Man Sentenced for Scheme Involving U.S.-Funded Military Contracts
Two U.S. Citizens Took Bribes to Steer Contracts Meant to Aid Reconstruction in Afghanistan
A Massachusetts man was sentenced today to 33 months in prison for his role in a scheme in which he accepted bribes from an Afghan company in exchange for helping it deceive the U.S. military into awarding at least 10 contracts at inflated values.
According to court documents, Todd Coleman, 48, of South Deerfield, was an analyst at a U.S. company who was deployed to Afghanistan in 2011 and 2012 to evaluate bids for U.S.-funded reconstruction contracts awarded by the U.S. military. At that time, Coleman and Orlando Clark, a manager of reconstruction projects at a different U.S. company who was also deployed to Afghanistan, received approximately $400,000 in bribes from an Afghan company. In return, Coleman and Clark assisted the company in obtaining millions of dollars in contracts that involved the construction of an Afghan police station and a security checkpoint for U.S. forces.
To conceal their conduct, Coleman and Clark registered fictitious companies in the State of Georgia and opened bank accounts to which bribes were sent via wire transfers from Afghanistan. Coleman and Clark also created false invoices to make it appear as though they were involved in a car-exporting business in the United Arab Emirates.
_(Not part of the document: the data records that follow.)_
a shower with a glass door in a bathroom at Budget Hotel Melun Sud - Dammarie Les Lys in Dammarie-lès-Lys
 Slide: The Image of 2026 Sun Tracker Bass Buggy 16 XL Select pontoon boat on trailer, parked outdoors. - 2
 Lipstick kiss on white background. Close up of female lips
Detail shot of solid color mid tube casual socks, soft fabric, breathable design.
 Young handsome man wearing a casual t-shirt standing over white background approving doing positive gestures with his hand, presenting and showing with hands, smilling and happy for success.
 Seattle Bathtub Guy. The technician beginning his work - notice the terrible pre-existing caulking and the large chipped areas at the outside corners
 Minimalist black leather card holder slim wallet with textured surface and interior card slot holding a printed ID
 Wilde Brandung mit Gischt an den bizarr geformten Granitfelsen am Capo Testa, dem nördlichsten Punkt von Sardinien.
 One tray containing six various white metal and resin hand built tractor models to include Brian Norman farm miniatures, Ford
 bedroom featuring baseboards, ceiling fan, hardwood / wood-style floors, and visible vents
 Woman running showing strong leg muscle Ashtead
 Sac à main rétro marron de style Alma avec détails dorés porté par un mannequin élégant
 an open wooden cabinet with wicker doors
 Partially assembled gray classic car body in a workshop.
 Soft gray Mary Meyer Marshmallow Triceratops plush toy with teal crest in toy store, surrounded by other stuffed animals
In reality, Coleman and Clark used the bribe payments to enrich themselves by purchasing personal items, such as a BMW. During the scheme, Coleman and Clark also travelled to the United Arab Emirates to receive cash bribes, which they smuggled into the United States without declaring the currency.
On Jan. 4, Clark pleaded guilty to conspiracy to commit bribery of a public official and (in an unrelated scheme) conspiracy to commit visa fraud. He is scheduled to be sentenced on April 12 and faces a maximum penalty of five years in prison on each charge. A federal district court judge will determine any sentence after considering the U.S. Sentencing Guidelines and other statutory factors.
Assistant Attorney General Kenneth A. Polite, Jr. of the Justice Department’s Criminal Division; U.S. Attorney Ryan K. Buchanan for the Northern District of Georgia; Inspector General John F. Sopko of the Special Inspector General for Afghanistan Reconstruction (SIGAR); Special Agent in Charge Stanley A. Newell of the Defense Criminal Investigative Service (DCIS), Transnational Operations Field Office; and Special Agent in Charge Peter Tolentino of the Naval Criminal Investigative Service (NCIS), Economic Crimes Field Office made the announcement.
SIGAR, DCIS, and NCIS investigated the case.
Trial Attorney Matt Kahn of the Criminal Division’s Fraud Section and Assistant U.S. Attorney Russell Phillips for the Northern District of Georgia prosecuted the case.